[Stored items]
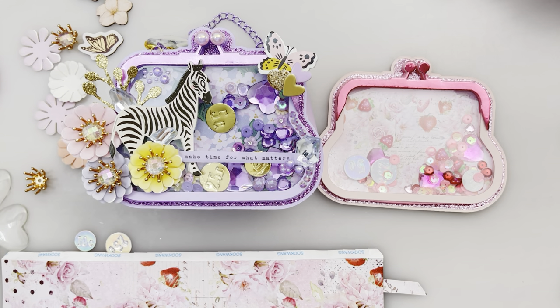Hi everyone! Welcome to my channel! Today I'm going to show you a tutorial on the coin purse metal die set I received from Scrap Diva Designs. You can find this die set at scrapdivadesigns.com and get a 10% discount using the code PRESSGEMIC10 on your entire order. All the details will be listed in the description box below. Let's get started!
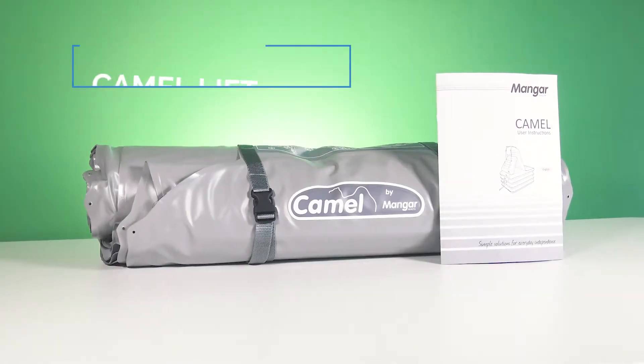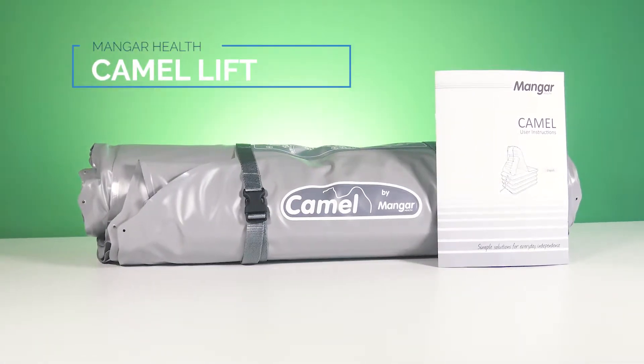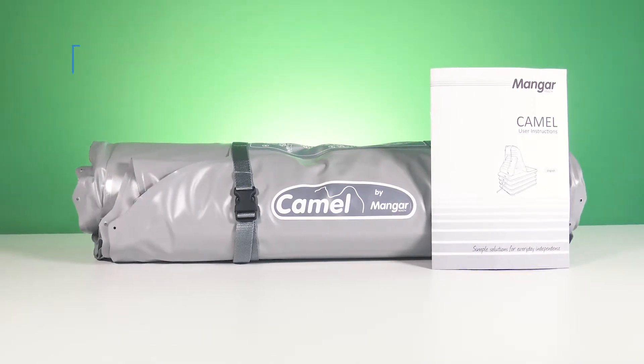The Camel Lifting Cushion from Mangar Health is a unique solution for helping a mobile patient up after a fall. Its pneumatic battery-powered lifting technology allows it to be powerful, portable, and easy to operate.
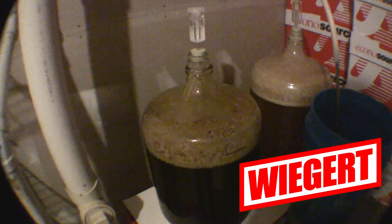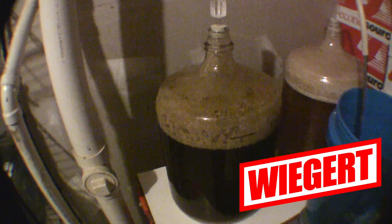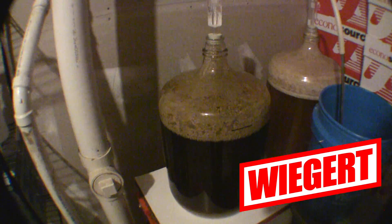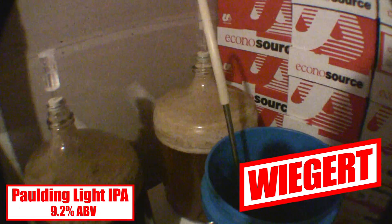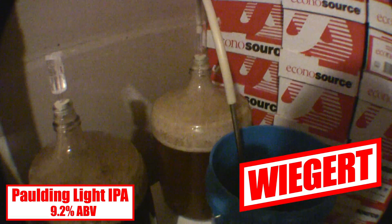Hello beer lovers and welcome to Weiger Brewing. Over here in the first fermenter we got Paulding Light IPA, something brand new we're brewing up, and it's not as scary as it sounds.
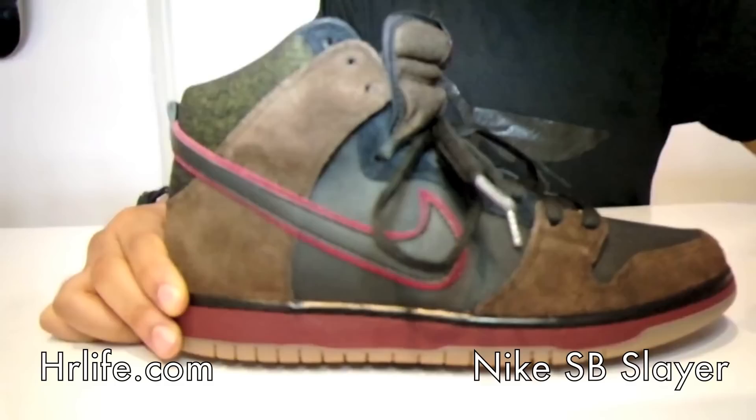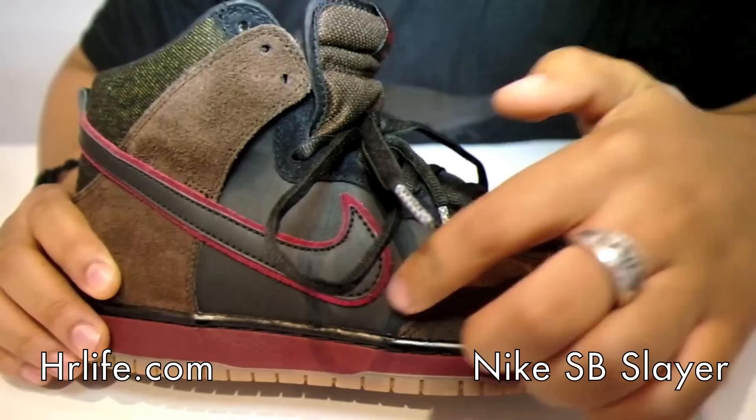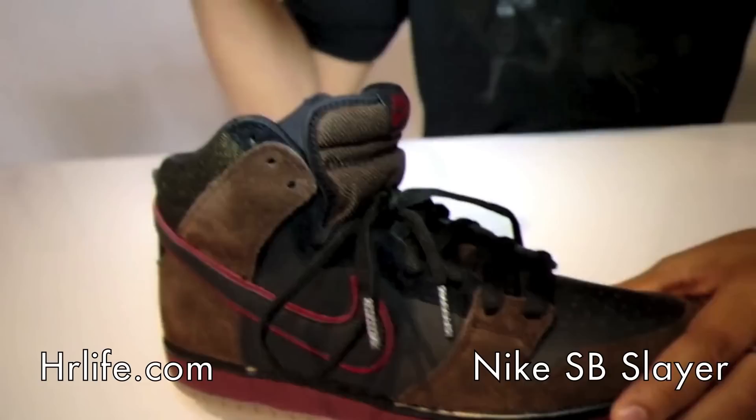It's called the Rain and Blood, so you can see that it has the Rain and Blood colorway from the Slayer album. You can see the brown suede here, and then what I really like about this shoe is that there's a thick leather on the side panel on the toe cap — it's like a really thick raw leather, which is really really nice. You'll see that it has the same leather on the swoosh with the red outline.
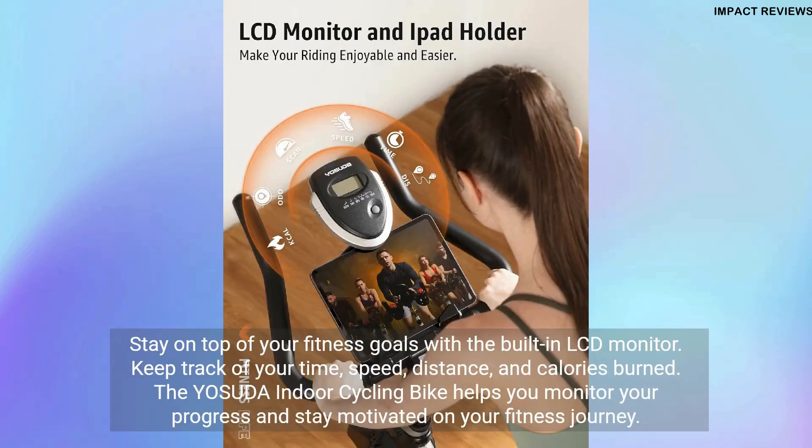Stay on top of your fitness goals with the built-in LCD monitor. Keep track of your time, speed, distance, and calories burned. The Yasuda Indoor Cycling Bike helps you monitor your progress and stay motivated on your fitness journey.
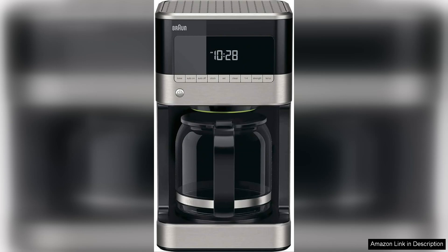In conclusion, the Brewsense 12-cup drip coffee maker is a reliable and stylish option for anyone seeking to enhance their coffee experience. With its great brewing capabilities, easy maintenance, and thoughtful features, it's a solid choice for everyday use.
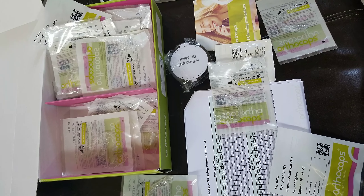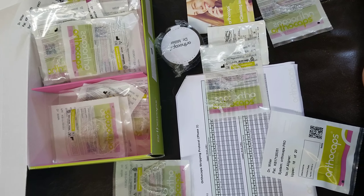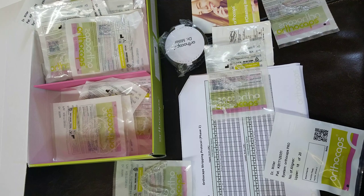I'm Amanda from Straight Smile Solutions and today we're doing an unboxing video of Orthocaps, which is one of the newest aligner systems to get its 510K clearance. It's been around for almost 10 years based in Europe but it just got its US 510K clearance. RMO is a distributor. I'm just doing an informative unboxing video — before anyone freaks out, it doesn't mean I'm working for them.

• _Exercise description_
Repeat only the stretch of data above that runs from the line with "Stay on top" to the line with "In conclusion, the". Keep both end lines; exclude pictures.

• _Response to this exercise_
Stay on top of your fitness goals with the built-in LCD monitor. Keep track of your time, speed, distance, and calories burned. The Yasuda Indoor Cycling Bike helps you monitor your progress and stay motivated on your fitness journey.
In conclusion, the Brewsense 12-cup drip coffee maker is a reliable and stylish option for anyone seeking to enhance their coffee experience. With its great brewing capabilities, easy maintenance, and thoughtful features, it's a solid choice for everyday use.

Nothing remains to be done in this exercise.